There’s a very real point at which openness to life intersects with openness to loss.

There are the more obvious examples; infertility, miscarriage, still birth, infant death, loss of a child, major illness…and then there are the less apparent losses. Loss of autonomy. Loss of control. Loss of income. Loss of (perceived) ability to know the future.

I get why a culture such as ours, hell bent on control and predictability, has such a hard time accepting children. And actually, I don’t think it’s unique to our time. What is unique is the accessibility and widespread acceptance of contraception.

We still pledge to accept children lovingly from God, but we do so with fingers crossed behind our backs, knowing that at the end of the day, we don’t really have to rely on God in that arena in this day and age. I mean maybe we think He’ll send a couple our when we’re good and ready, hopefully healthy models that tick all the right boxes…but we don’t honestly plan on throwing caution to the wind and sailing bravely into the unknown, opening wide to the adventure of marriage and parenthood.

But what if we did?

What if agreeing to accept children lovingly from God was more than just an archaic line in an ancient religious ceremony? What if we actually lived that promise, (and I’m not talking about going quiver full or moving to Arkansas, though we do love a good Duggar episode in this house) giving our future over to God and asking for His plans, not our own, for our families. And what if His answer looked completely different from what we’d hoped?

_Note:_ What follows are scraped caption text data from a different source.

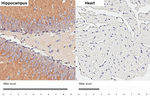 GEF-H1 Antibody in Immunohistochemistry (Paraffin) (IHC (P))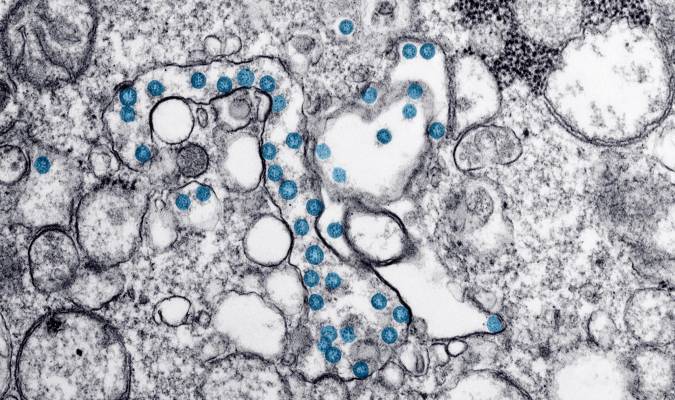 Un estudio apunta que el coronavirus inflige daños al cerebro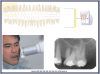 Figure 25 – Maxillary Molars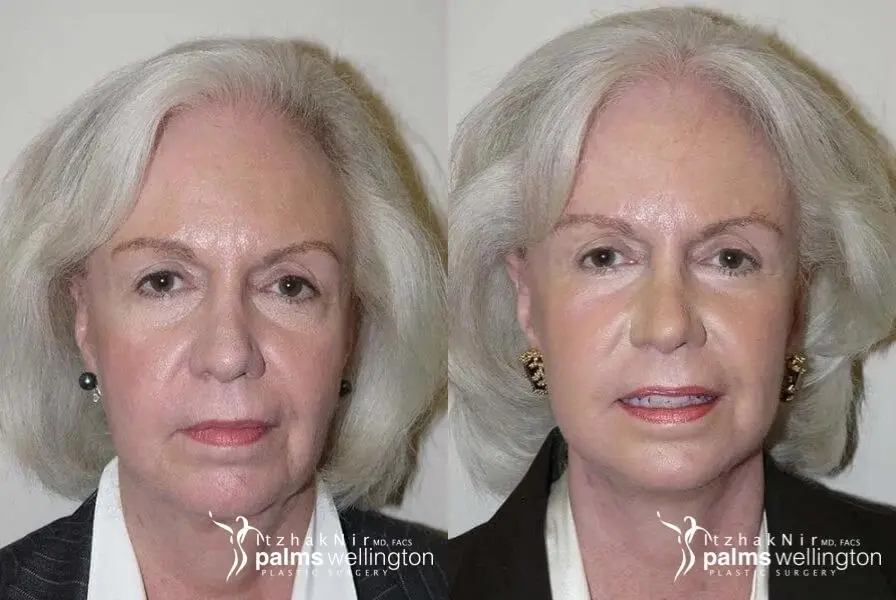 Facelift | Palm Beach Gardens - Before and After
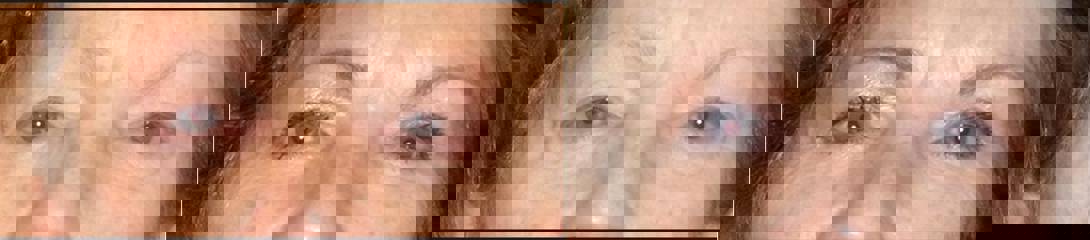 Before and after upper blepharoplasty showing improved eyelid contour and more open, youthful eyes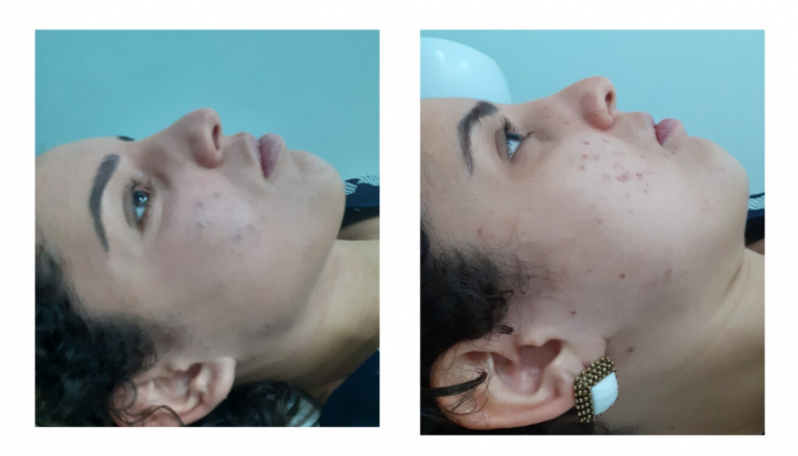 Clínica para Tratamento para Manchas de Acne Vila Mariana - Tratamento para Acne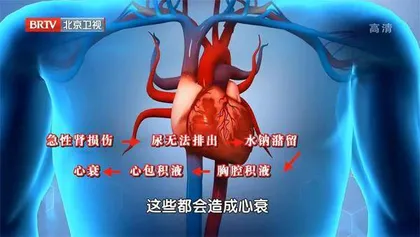 小心急性肾损伤盯上老年人6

What if there were no children at all, or only a precious one? What if there were 6, and we felt stretched past our breaking point and ready to drop dead? And what if, no matter what story He wanted to write with our fertility, we bowed our heads and whispered, not my while, but Yours, be done.

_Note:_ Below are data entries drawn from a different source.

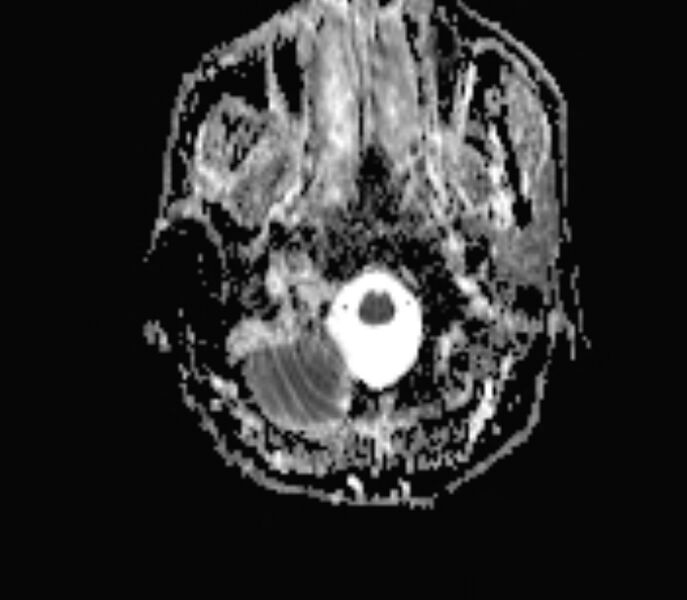 File:Cerebral venous thrombosis (Radiopaedia 71207-81504 Axial ADC 1).jpg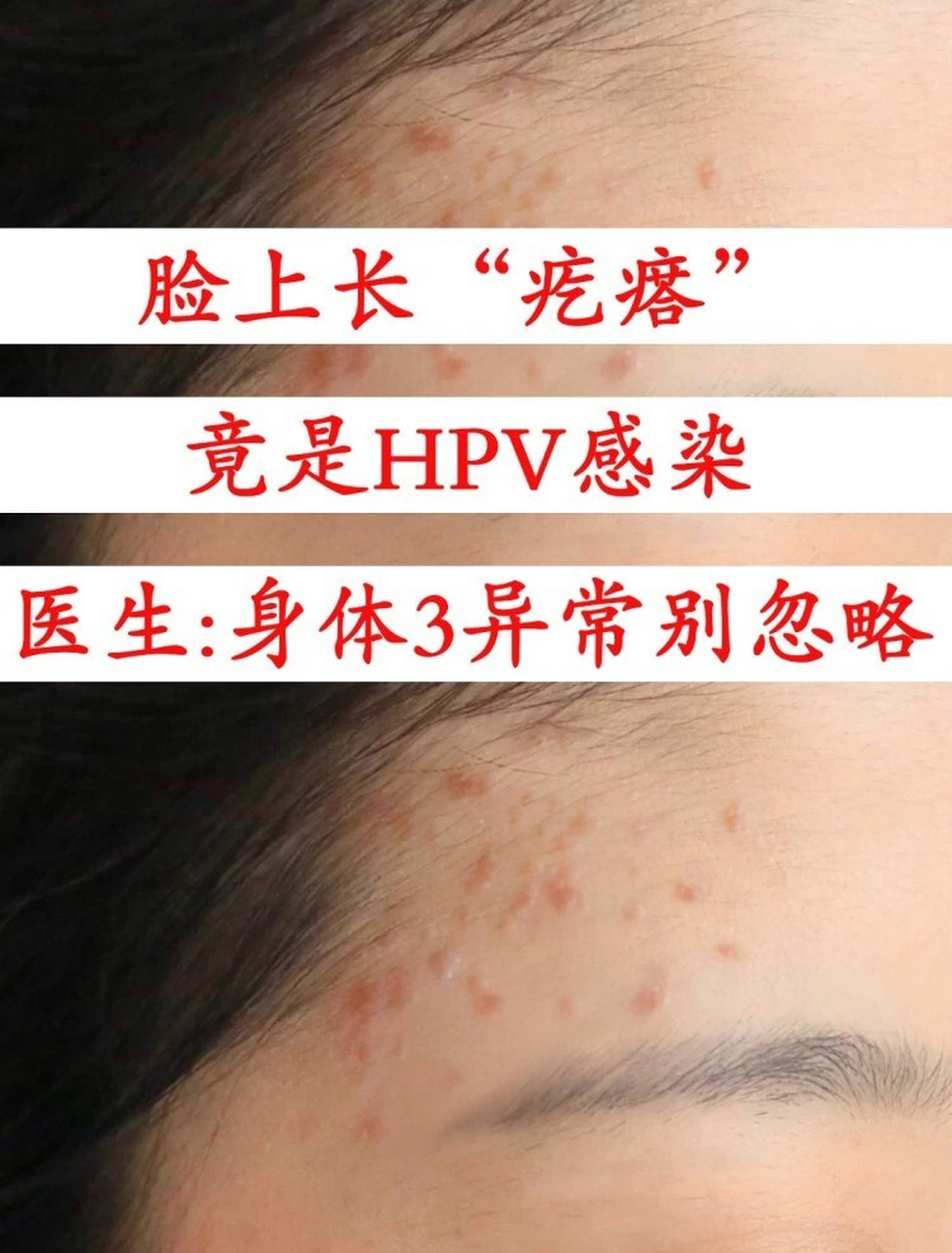 hpv感染面部图片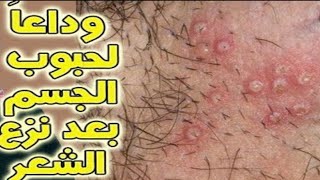 علاج الحبوب بعد ازالة الشعر من المناطق الحساسة , علاج آمن وصحي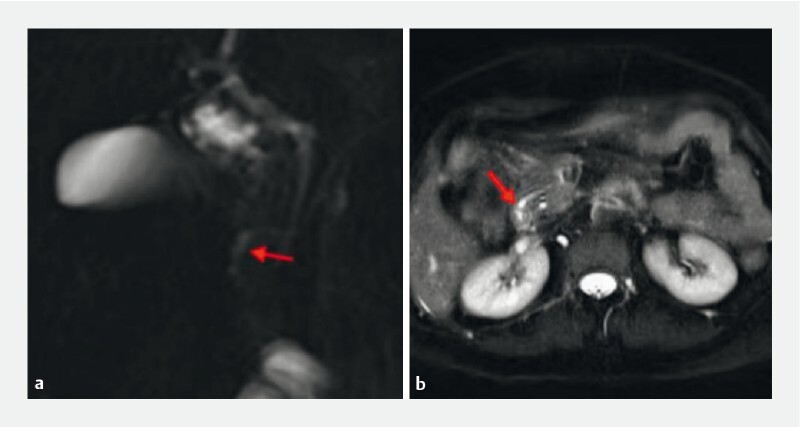 Fig. 1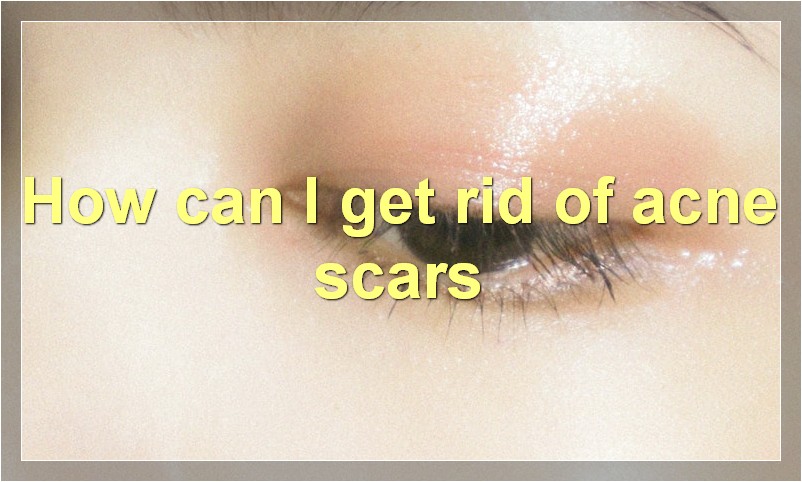 How can I get rid of acne scars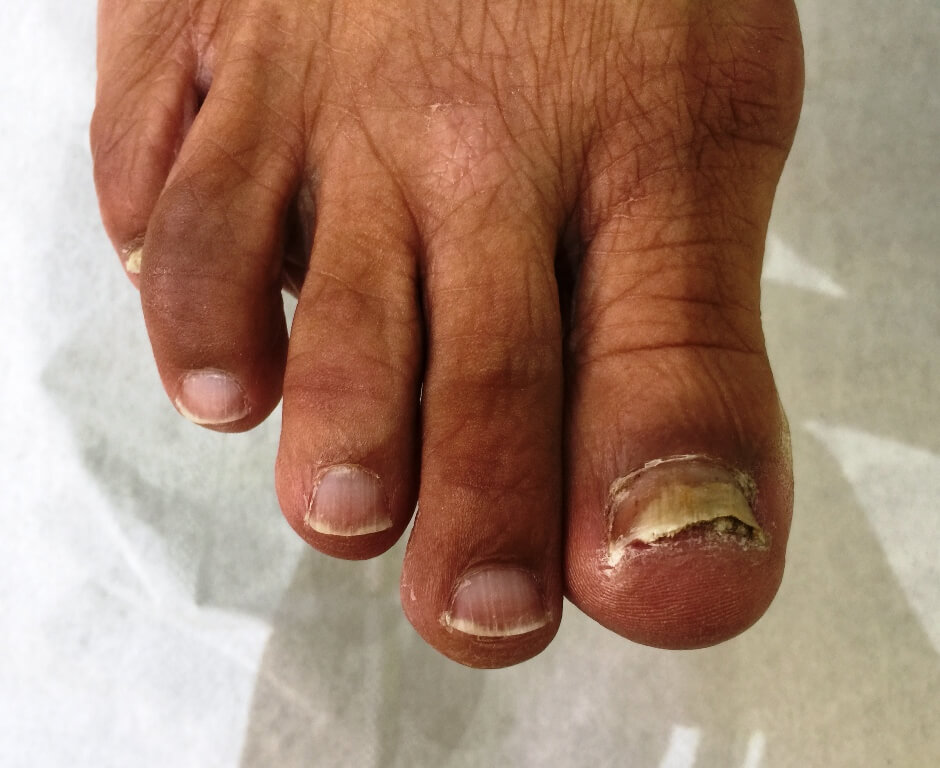 Toenail Reconstructions - kingstonfeet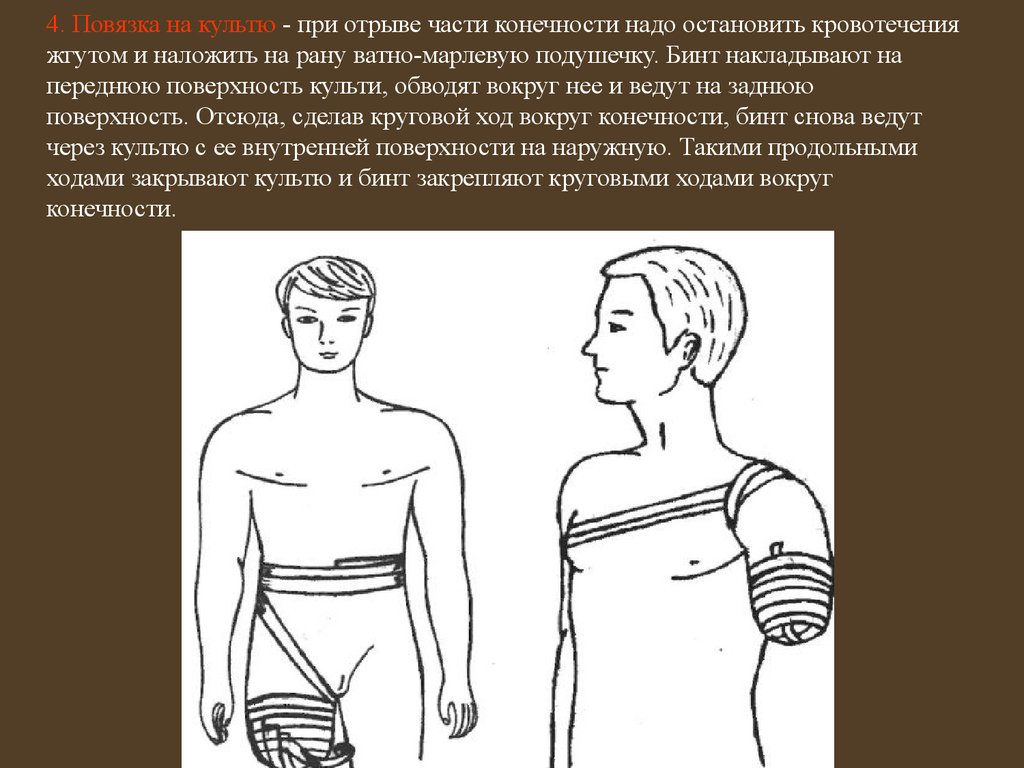 4. Повязка на культю - при отрыве части конечности надо остановить кровотечения жгутом и наложить на рану ватно-марлевую подушечку. Бинт нак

Maybe we’d be happier. Maybe our marriages would be richer. Maybe our houses would be destroyed and maybe our hearts would be broken open by disappointment and difficulty and sorrow … and maybe they would be so much larger for it.

I know this is a crazy thought, but what if God knows better than we do the plans He has for us … plans for our welfare and not for our woe? Plans to give us a future, and hope?

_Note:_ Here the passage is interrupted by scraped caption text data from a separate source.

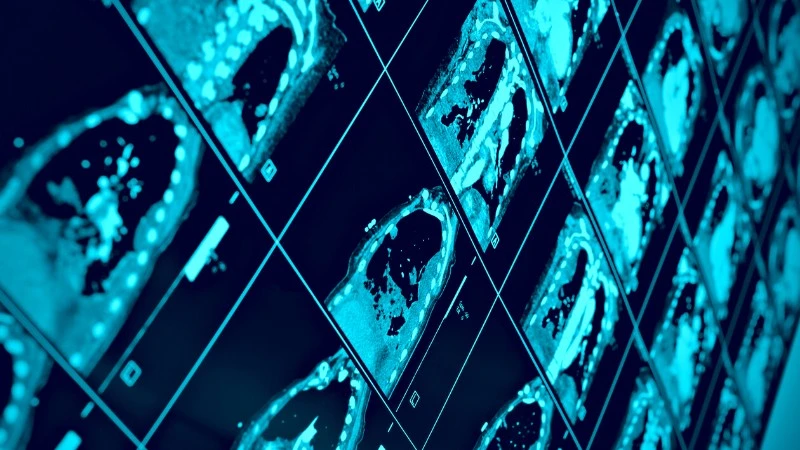 sztuczna inteligencja alibaba skan tk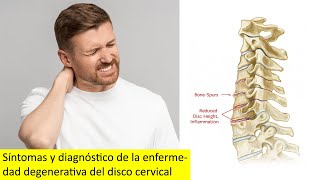 Síntomas y diagnóstico de la enfermedad degenerativa del disco cervical [upl. by Dodie340]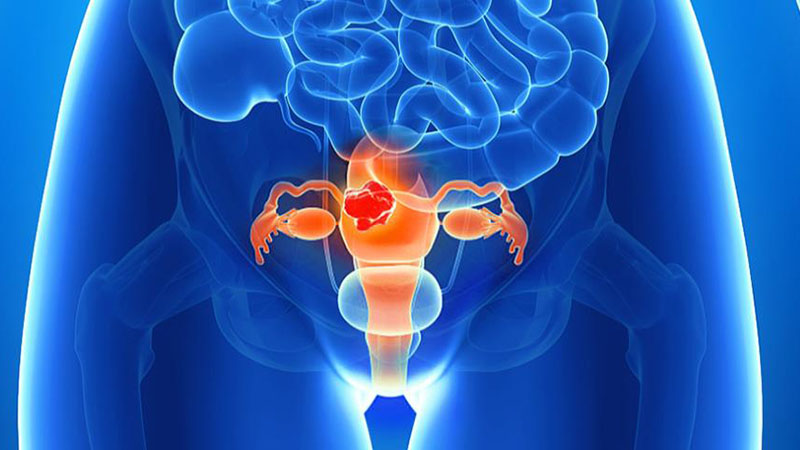 子宫肌瘤有可能导致什么癌变吗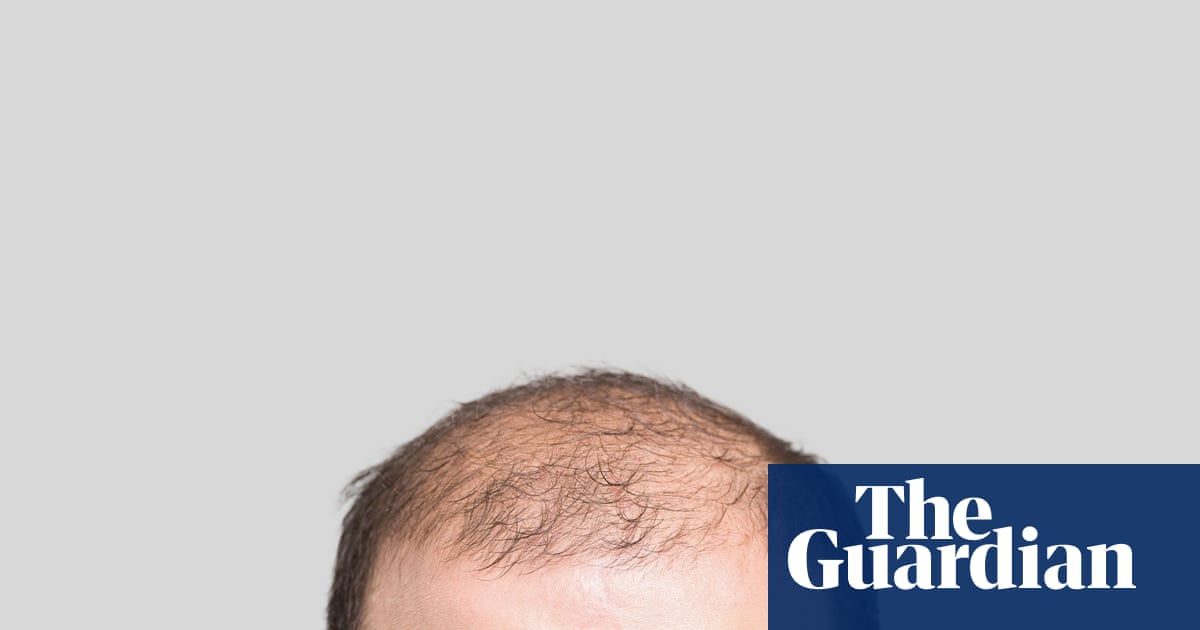 20 fascinating facts about hair: why baldness is super-masculine – and a pubic bush could be a ‘cheating detector’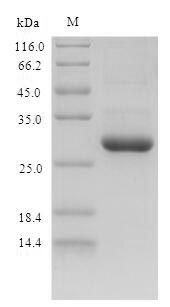 Mouse S100a9 protein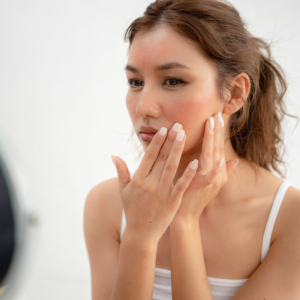 What Is Sun Damage (Photodamage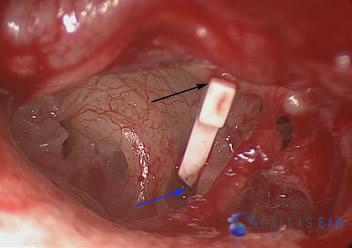 ossicular-chain-reconstruction-case-2-5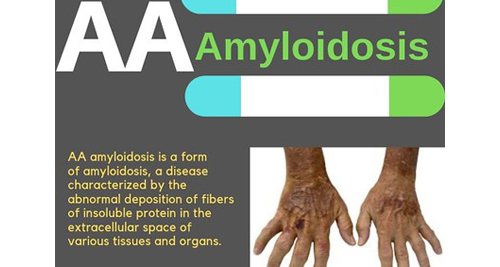Amyloidosis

I struggle every single day with relinquishing control. From my first cup of coffee until my eyes close at night. I have three beautiful children. I’ve got it made. And I’m so lucky. Why rock the boat? Why be open to more difficulty? Why risk the chance that things might get messy(er)/painful/uncertain?

Well, this is why. Faith like this woman’s. That’s the kind of boldness I want to practice. That’s the stuff saints are made of. Radical openness, wild trust, and abandon to divine providence.

Now, to find the courage. Because quite frankly, it’s still a terrifying prospect.